Sunday, June 30, 2013

Do Rabbinic Traditions Violate the Prohibition on "Adding" to the Torah? [A Refutation of Anti-Rabbinism]

In Matthew 23, Yeshua commands His disciples to obey the Scribes and the Pharisees (who sit in Moses' Seat).  So, for example, those Scribes and Pharisees taught how to make phylacteries.  Now, nowhere in Scripture does it command us on HOW to construct phylacteries.  This is something purely from Tradition.

Now...check this out:

We're prohibited from adding to the Torah:


"Do not add to what I command you and do not subtract from it, but keep the commands of the Lord your God that I give you," (Deut. 4:2)

Thus, it follows that Yeshua considered certain rabbinic traditions (e.g. phylacteries) to be ACTUAL TORAH (and NOT an invalid addition to Torah).

I say this for those anti-Rabbinic Messianics who reject everything rabbinic on the basis that it is COMPLETELY composed of invalid additions to Torah.  

Some readers are probably gasping and saying "But that completely contradicts your stance on Rabbinic authority!"

In reality, there's no contradiction in the following propositions:

(1) my position:  the Rabbis have secondary or "presumptive" authority but the Scripture has primary and final authority;

(2) also my position:  some Rabbinic rules, as Yeshua maintained, do not add to Torah but rather consist of the full authority of Torah (i.e. the same authority as Moses).

But, hey, if you have a different point of view then argue your point with me.  I'm open to anything reasonable! 



6 comments:

  1. I think I agree with you, maybe I am even more radical on the pro-rabbinic.

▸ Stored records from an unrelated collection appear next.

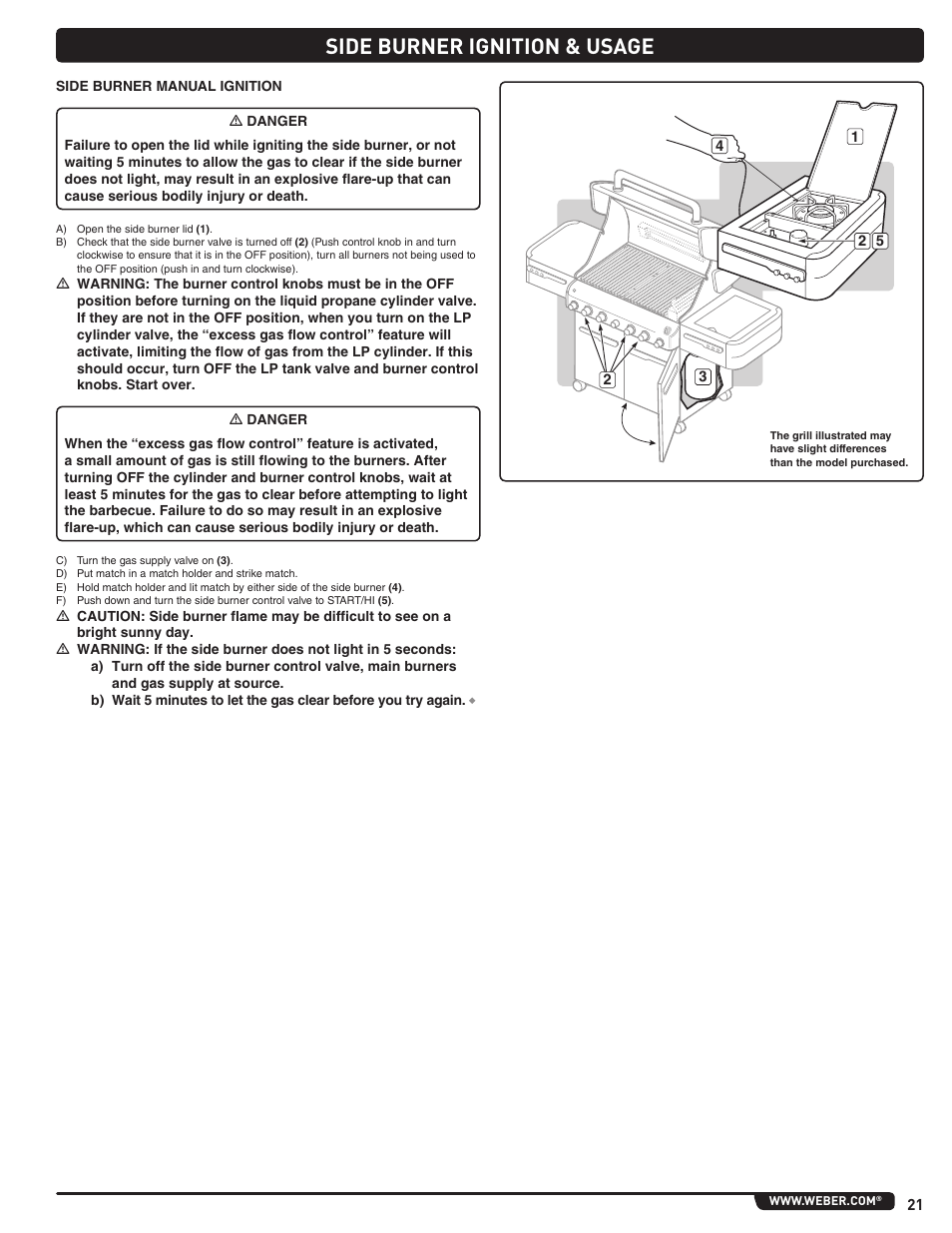 Side burner ignition & usage | weber Summit 56219 User Manual | Page 21 / 84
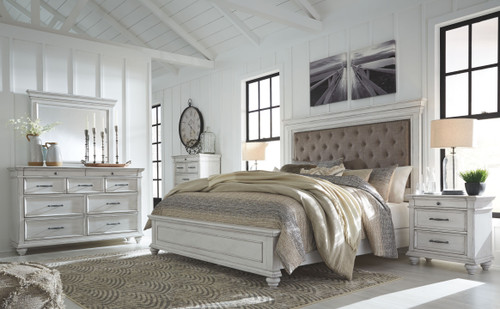 Kanwyn Whitewash 5 Pc. Dresser, Mirror & King Panel Upholstered Bed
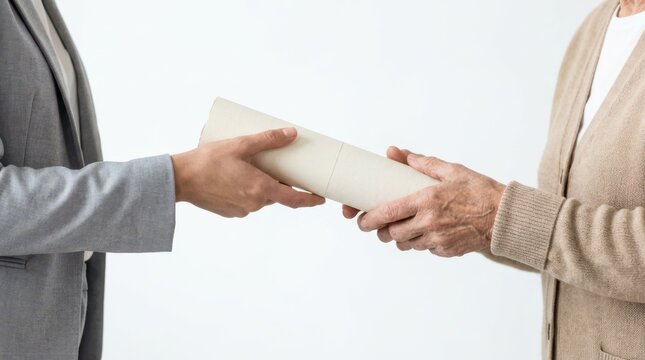 Close up of therapist handing rolled document or certificate to senior client after completing course.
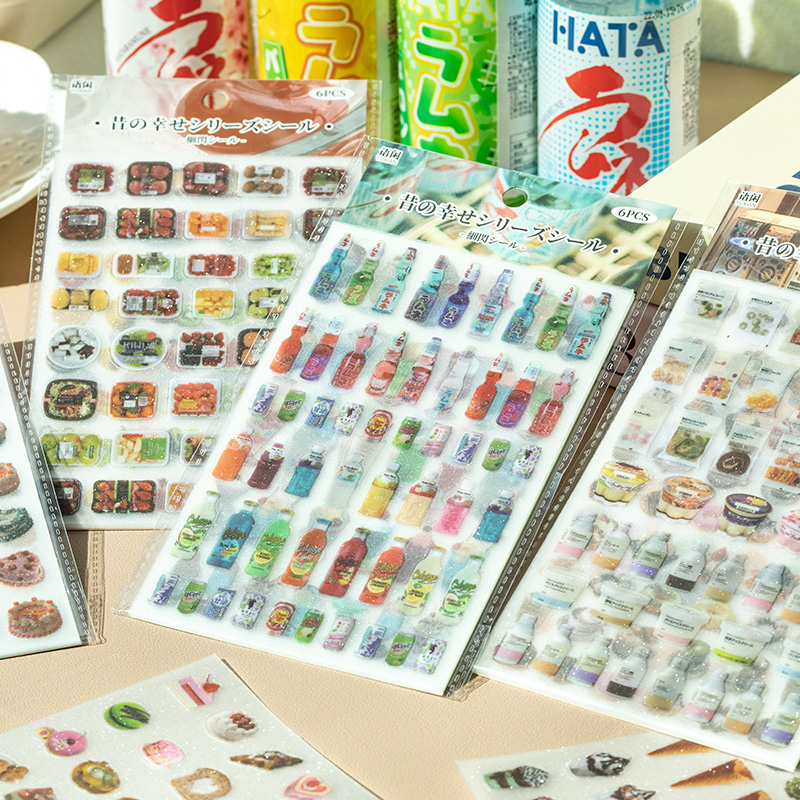 Japanese Snacks - 6 hojas de pegatinas temáticas de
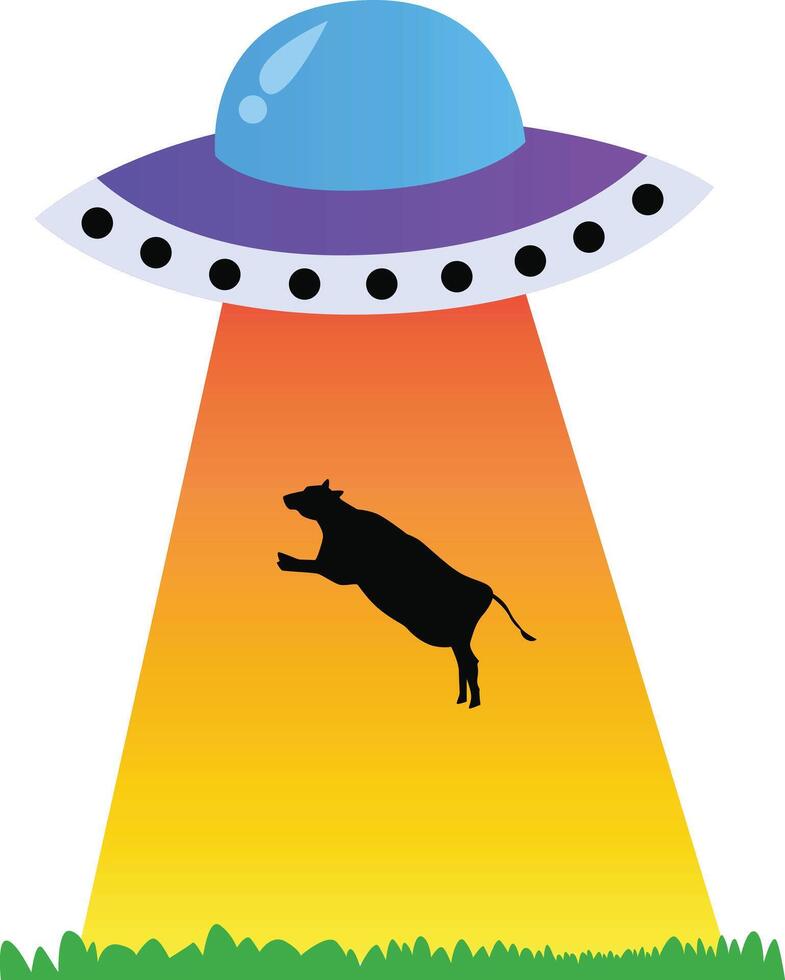 Ufo flying saucer picks up a cow vector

    But there is one question I'd like to pose: Scripture has primary and final authority over rabbinic, BUT who says what Scripture says? I mean there are, of course, some plain passages, but there are those who are not so clear, be it because of some text complexities, or even because of some rabbinic tradition that goes against the most simple and obvious sense of the text.

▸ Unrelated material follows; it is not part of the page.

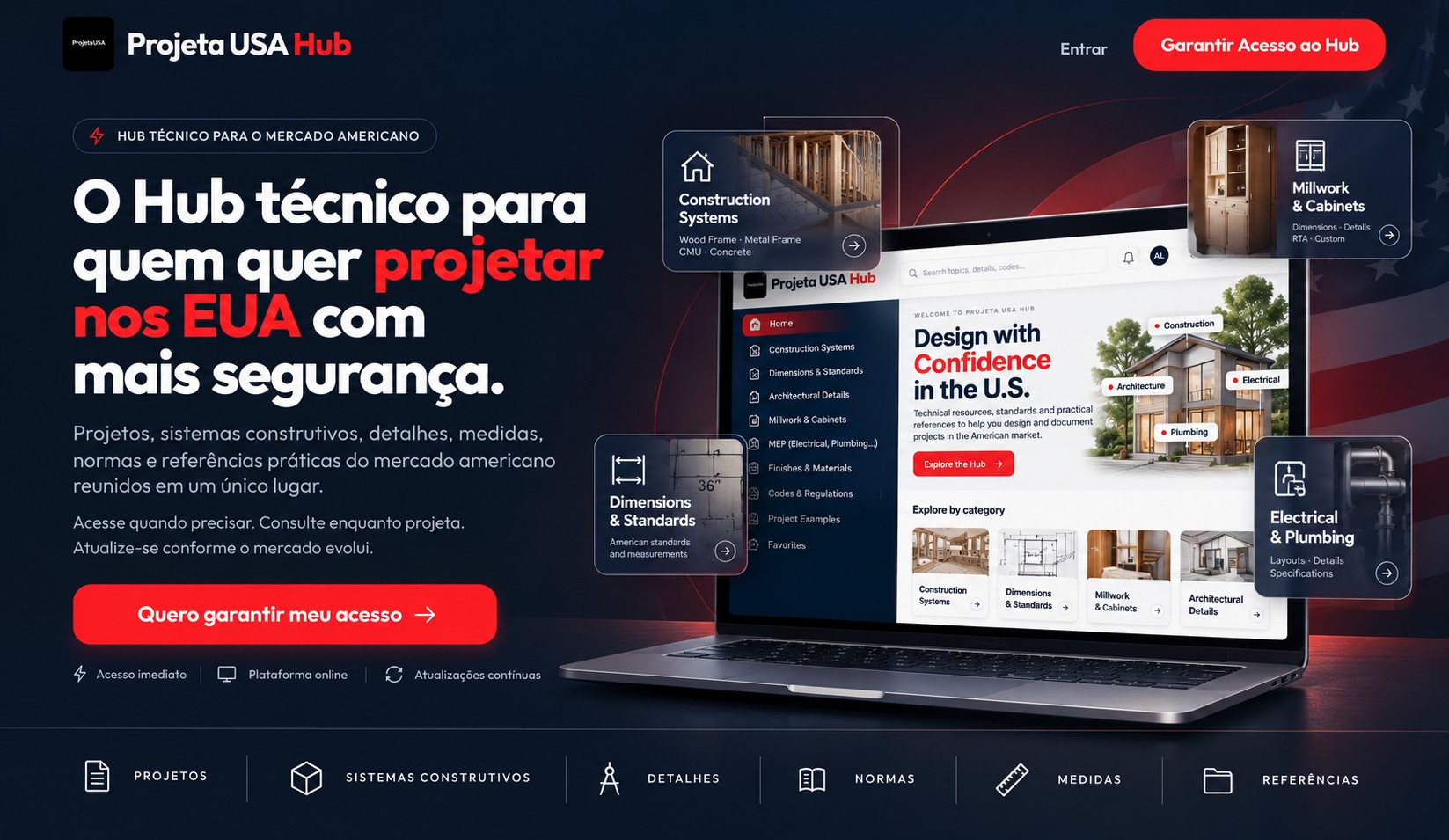 Projeta USA Hub: o Hub técnico para quem quer projetar nos EUA com mais segurança. Projetos, sistemas construtivos, detalhes, normas, medidas e referências reunidos em um único lugar.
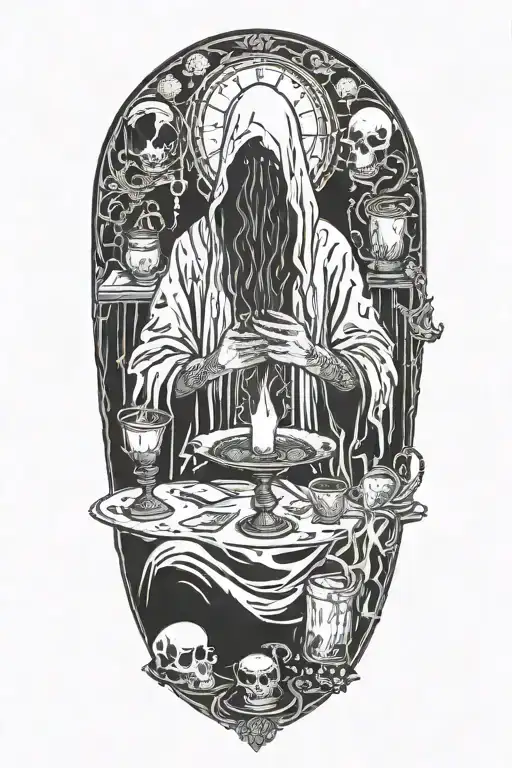 Faceless cultist performing ritual, tarot cards, candles tattoo design idea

    This is somtheing to be thought about... kind of an Hermeneutical question!

    ReplyDelete
    Replies
    1. That's an interesting question. I have a high opinion of Rabbinic hermeneutics. But I've learned a lot from Christian scholars too. So my position is to be open to the truth no matter who speaks it.




      Delete
  2. Oh, and another thing:

    You probably know, but tefilin, the way they are made and stuff are considered Torah law: this is the actual oral Law. Most people think Oral Law = all traditions that come from the sages, but this is not so. Oral Law is only that is recognized as from Moshe, and is usually a clarification of what the text says: for example: the techelet, the way to make tefilin, the real meaning of "the kid in it's mother milk", and so on - not that I agree with this, I am just explaining.
    Of course the is also rabbinic authority, and this is sometimes even more important than oral law: the rabbis have the authority to interpret the Law and add stuff - but this must be understood correctly too: The sin would be to say a rabbinic law is actually a Torah Law. Just enacting things to be observed does not violate the comand not to add! This is, for example, what Maimonides would defend when he said that it is not right to say that not eating birds with milk is a deoraita mitzvah, because this would mean to add stuff.

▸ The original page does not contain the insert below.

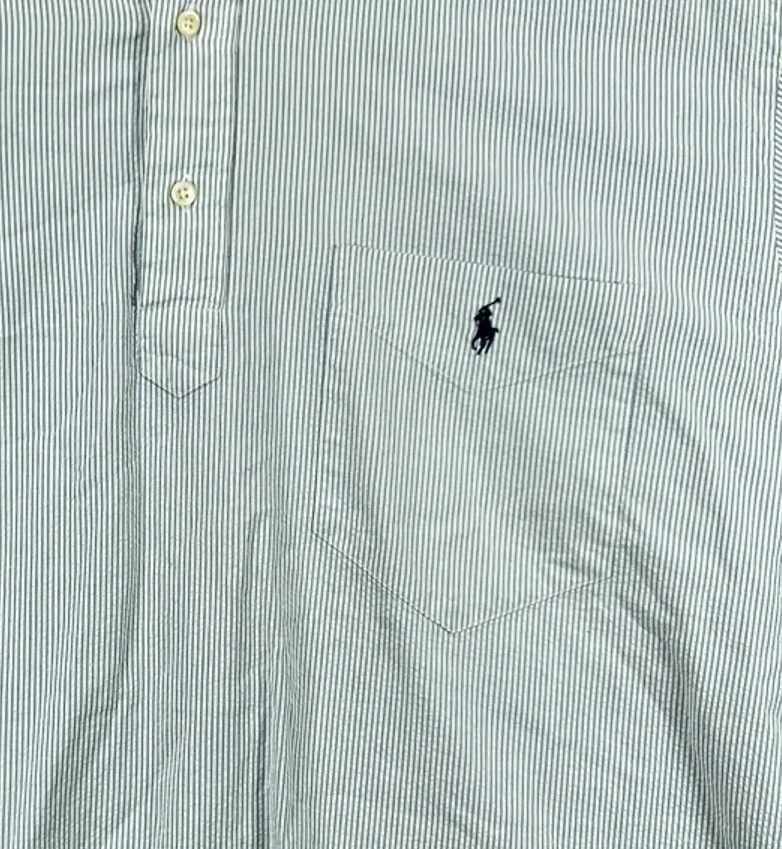 Pullover vintage de los 90 Ralph Lauren Purcell para hombre XL azul a rayas camisa Seersucker Foto 3 de 4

    There are a lot of other differences - besides the origin - between rabinic and torah mitzvah, mostly in practice.


    Shalom

    ReplyDelete
    Replies
    1. Here's the thing...I don't believe anyone knows which traditions go back to Moses. And it doesn't really matter. We should just assume that G-d didn't allow Oral Torah to be lost and destroyed.

      Delete
  3. Okay first let me say how much I love this blog!:) I'm 44 1/2 years old but feel so much like a 1st grader in this walk!This blog always helps me to see the flip side of certain scriptures & view it from a whole new perspective as this article just did! I've read Matt 23 before but not in this light. Ty! So now, the only question I would have is who is it that is to fill the shoes of head leaders as the within our messianic world as in Matt 23:2??? It would be so nice to have a messianic beit din!

    ReplyDelete
    Replies
    1. RE: "the only question I would have is who is it that is to fill the shoes of head leaders as the within our messianic world as in Matt 23:2???"

      I just hope that we'll have leaders wise enough to preserve Jewish identity while at the same time helping to build strong identities in non-Jews as full members of Israel. To paraphrase the Psalm, it would be so good and pleasant for Jewish and non-Jewish brethren to dwell together in unity!

      May G-d bring it to pass swiftly in our time!!!